Problem statement:
Print the entries below exactly as they appear, from the first line up to and including the line with "Crochet shoulder bag Trendy". Do not print any pictures.

Data records:
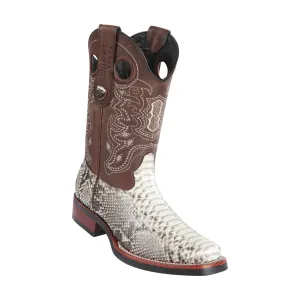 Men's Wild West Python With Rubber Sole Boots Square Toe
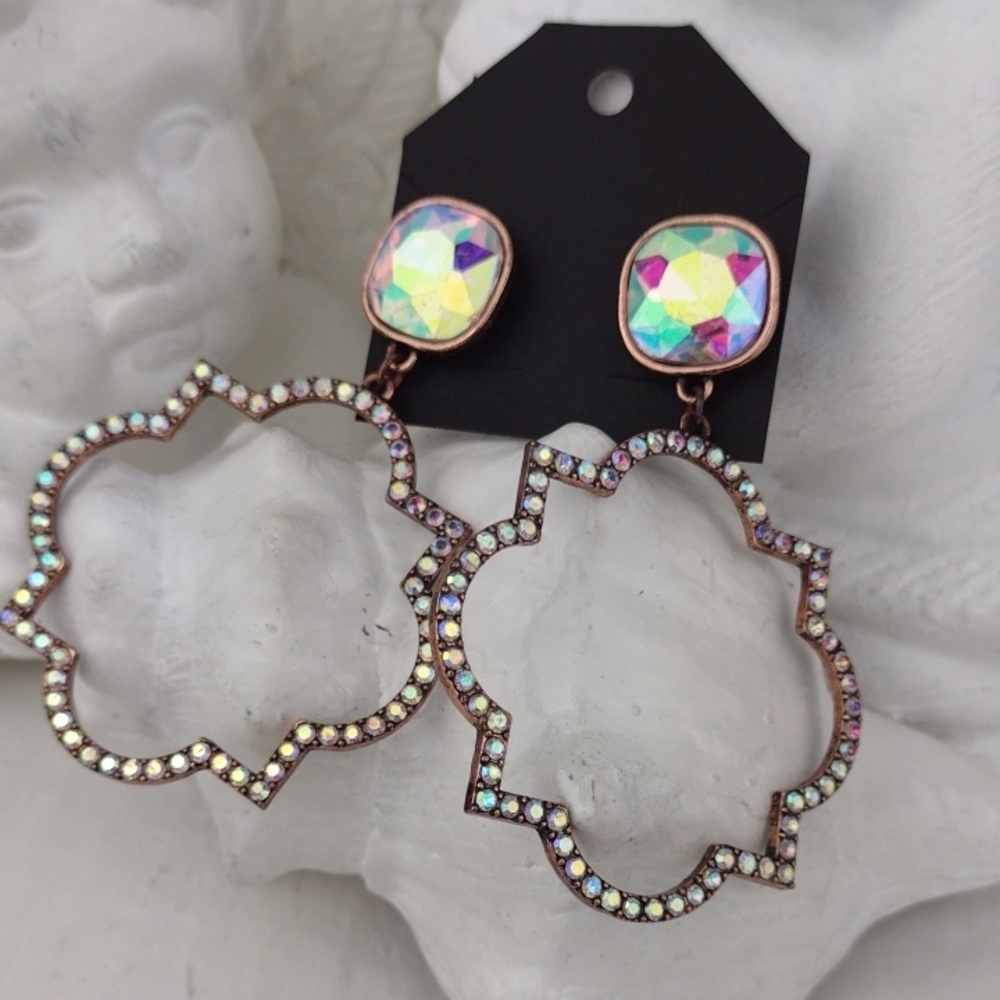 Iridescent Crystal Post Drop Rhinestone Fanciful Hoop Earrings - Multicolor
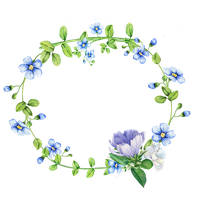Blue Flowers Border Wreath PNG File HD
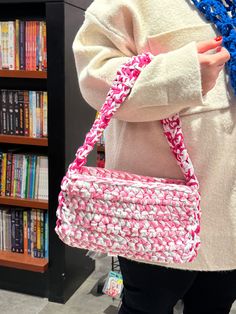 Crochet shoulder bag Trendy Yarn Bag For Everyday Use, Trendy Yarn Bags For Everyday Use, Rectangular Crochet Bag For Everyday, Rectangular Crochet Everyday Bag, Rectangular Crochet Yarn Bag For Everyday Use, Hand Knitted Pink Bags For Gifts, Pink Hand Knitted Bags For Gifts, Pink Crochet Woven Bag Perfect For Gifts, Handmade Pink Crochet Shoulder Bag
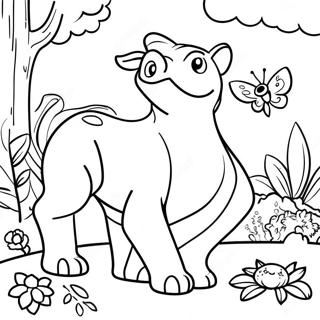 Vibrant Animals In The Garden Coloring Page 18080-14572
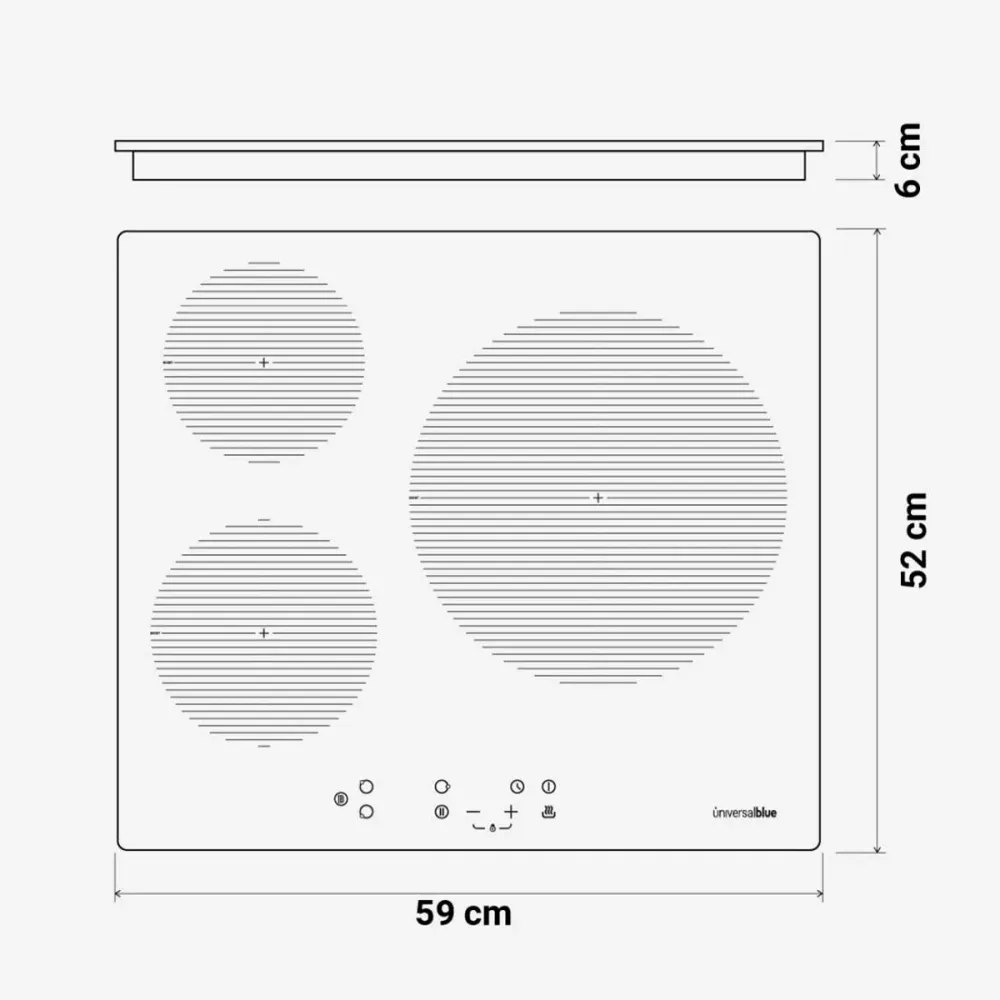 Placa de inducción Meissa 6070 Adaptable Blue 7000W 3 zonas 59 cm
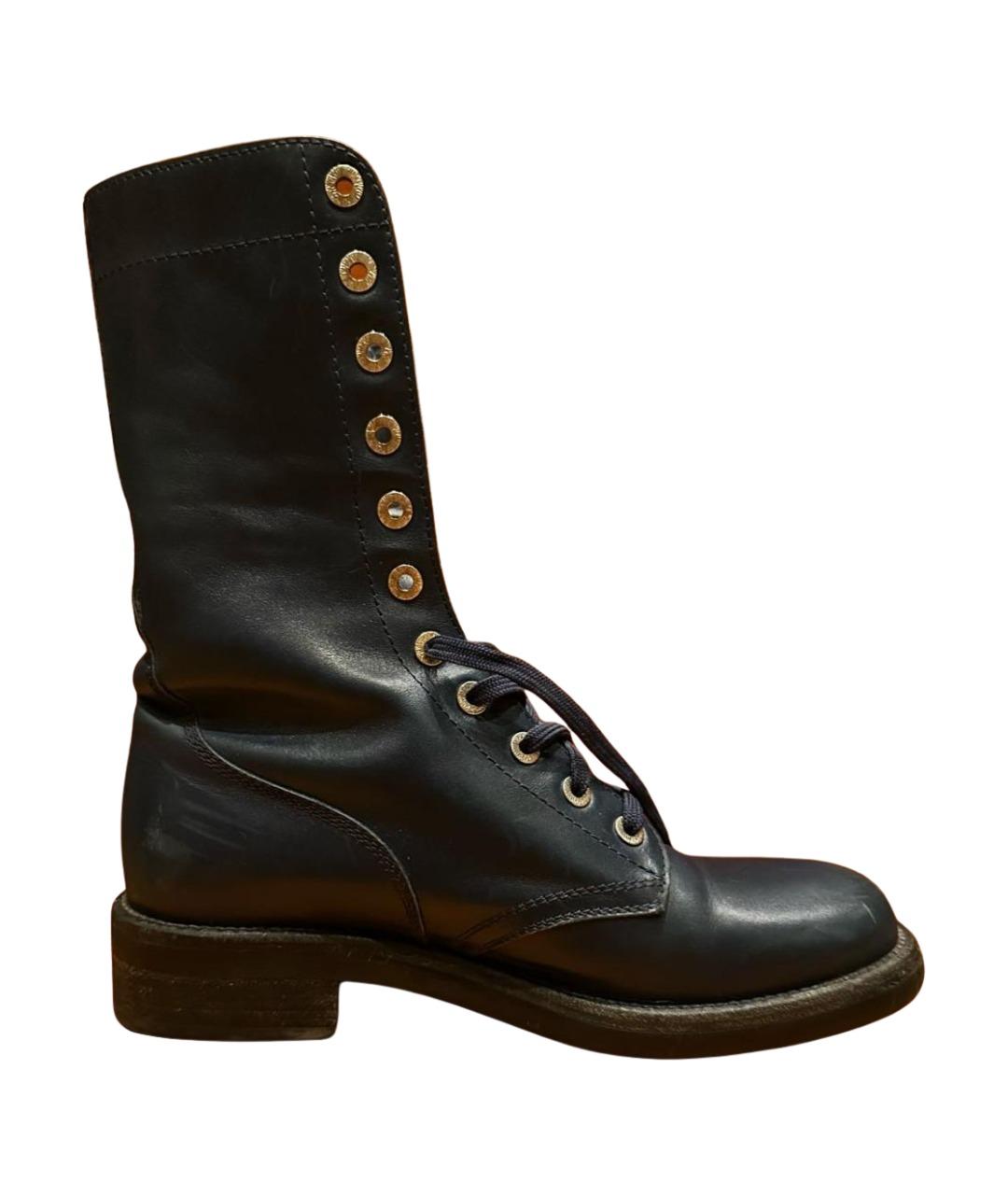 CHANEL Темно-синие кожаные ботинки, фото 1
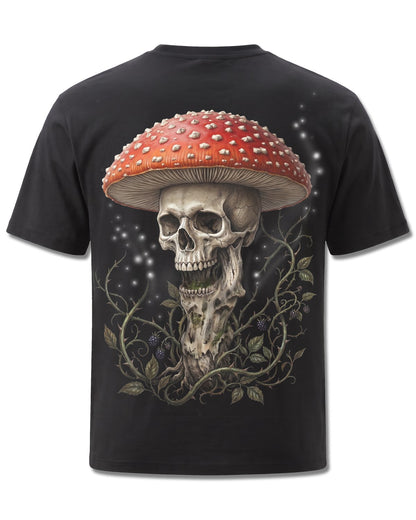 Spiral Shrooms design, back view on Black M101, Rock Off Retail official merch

Answer to the problem:
 Men's Wild West Python With Rubber Sole Boots Square Toe
 Iridescent Crystal Post Drop Rhinestone Fanciful Hoop Earrings - Multicolor
Blue Flowers Border Wreath PNG File HD
 Crochet shoulder bag Trendy Yarn Bag For Everyday Use, Trendy Yarn Bags For Everyday Use, Rectangular Crochet Bag For Everyday, Rectangular Crochet Everyday Bag, Rectangular Crochet Yarn Bag For Everyday Use, Hand Knitted Pink Bags For Gifts, Pink Hand Knitted Bags For Gifts, Pink Crochet Woven Bag Perfect For Gifts, Handmade Pink Crochet Shoulder Bag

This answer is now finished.